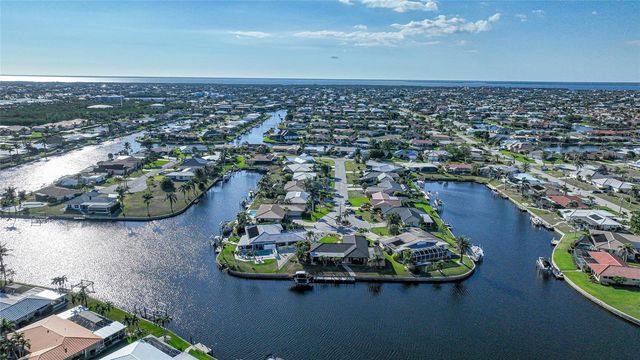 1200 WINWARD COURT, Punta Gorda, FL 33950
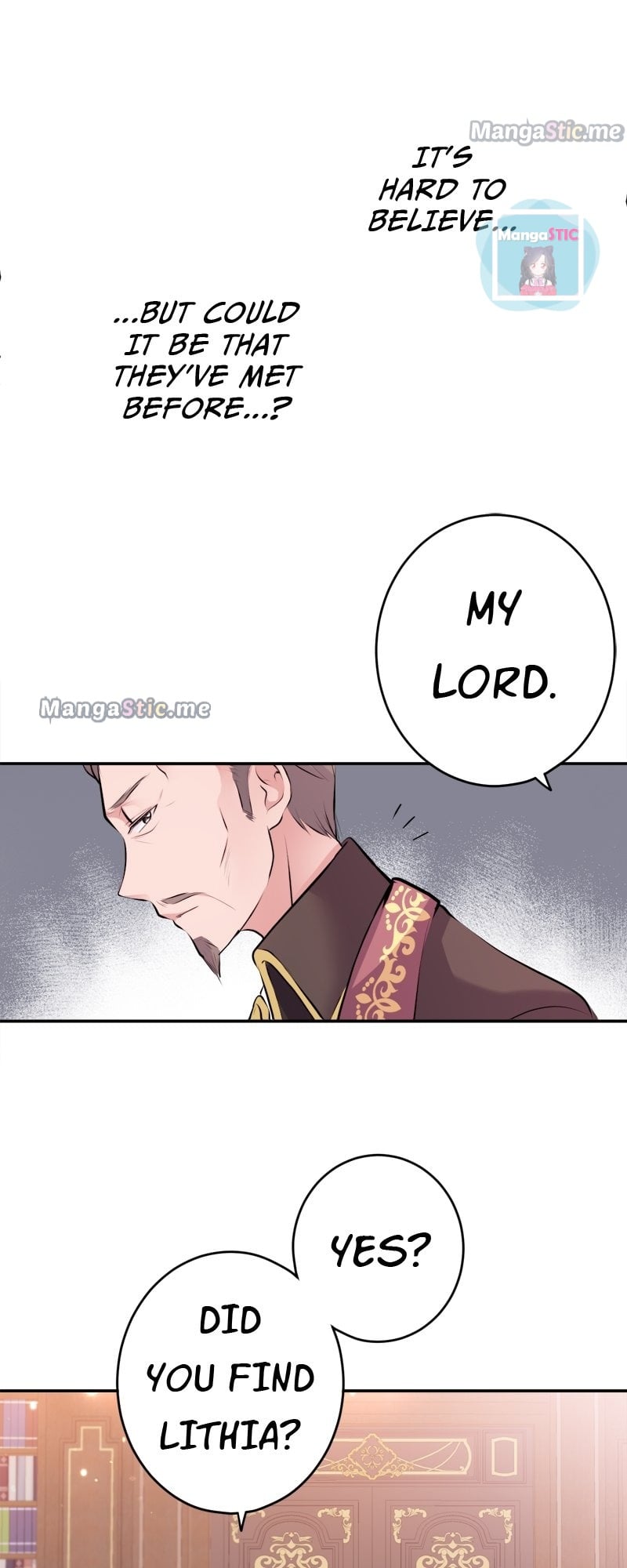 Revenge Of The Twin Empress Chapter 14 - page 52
==
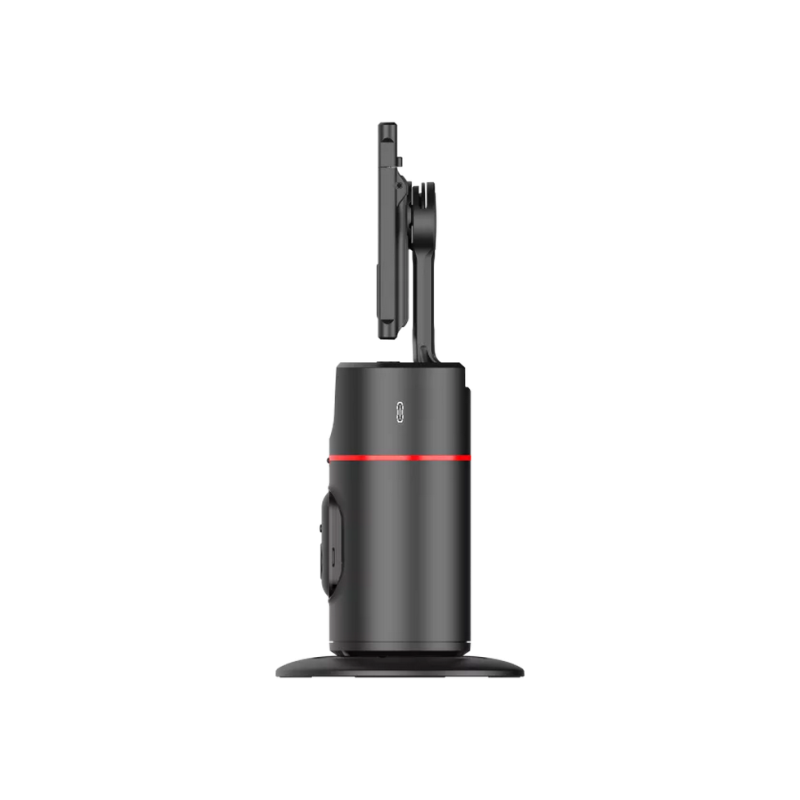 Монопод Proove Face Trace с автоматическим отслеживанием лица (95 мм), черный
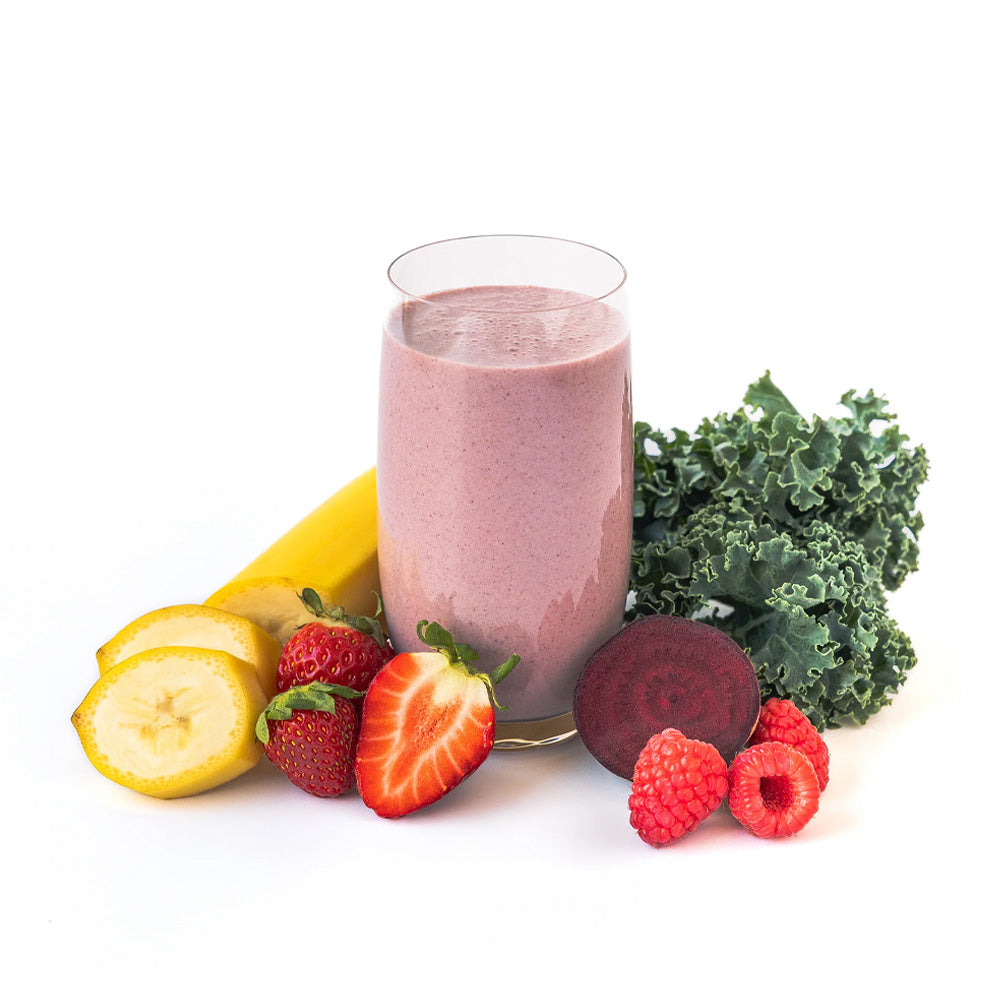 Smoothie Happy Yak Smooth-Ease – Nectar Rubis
==
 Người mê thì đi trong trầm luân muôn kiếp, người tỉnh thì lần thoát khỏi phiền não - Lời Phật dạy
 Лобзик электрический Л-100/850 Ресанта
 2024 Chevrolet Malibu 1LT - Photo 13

EXERCISE PROMPT:
In the listing above, find the line with "1200 WINWARD COURT, Punta Gorda, FL 33950" and output every line through the one with "Revenge Of The", exactly, without the pictures.

EXPECTED OUTPUT:
 1200 WINWARD COURT, Punta Gorda, FL 33950
 Revenge Of The Twin Empress Chapter 14 - page 52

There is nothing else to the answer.